Caption-style text data.
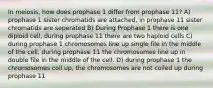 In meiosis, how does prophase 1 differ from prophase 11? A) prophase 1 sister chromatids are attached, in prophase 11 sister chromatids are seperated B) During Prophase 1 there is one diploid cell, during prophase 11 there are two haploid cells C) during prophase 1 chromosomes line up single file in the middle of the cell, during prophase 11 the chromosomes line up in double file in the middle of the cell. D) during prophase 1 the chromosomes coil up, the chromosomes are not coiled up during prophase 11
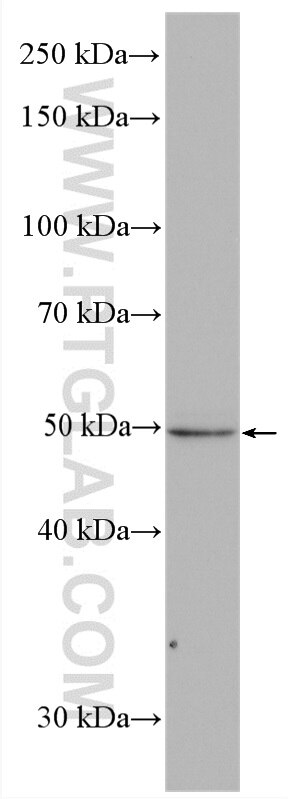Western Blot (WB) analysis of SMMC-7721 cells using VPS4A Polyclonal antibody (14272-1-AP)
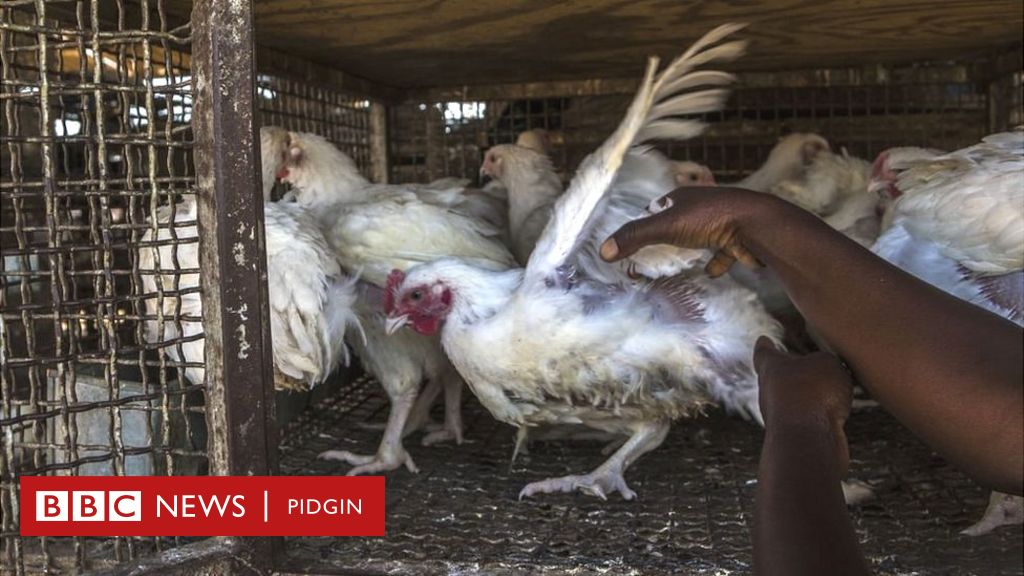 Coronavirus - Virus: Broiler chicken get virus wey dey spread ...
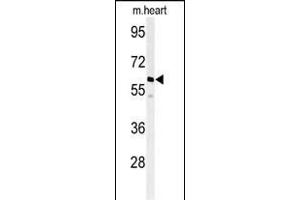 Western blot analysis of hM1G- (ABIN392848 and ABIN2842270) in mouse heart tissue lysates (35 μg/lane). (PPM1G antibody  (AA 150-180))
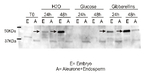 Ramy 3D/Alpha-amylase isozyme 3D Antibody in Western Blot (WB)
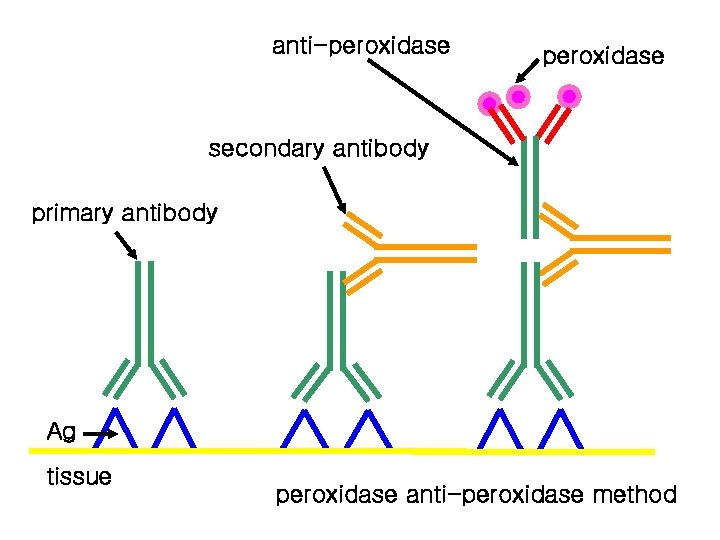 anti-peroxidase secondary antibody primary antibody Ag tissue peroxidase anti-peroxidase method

The task. Your task is to transcribe exactly the lines from the one containing "Ramy 3D/Alpha-amylase isozyme" through the final line of the entries above, pictures excluded.

Exercise answer.
 Ramy 3D/Alpha-amylase isozyme 3D Antibody in Western Blot (WB)
 anti-peroxidase secondary antibody primary antibody Ag tissue peroxidase anti-peroxidase method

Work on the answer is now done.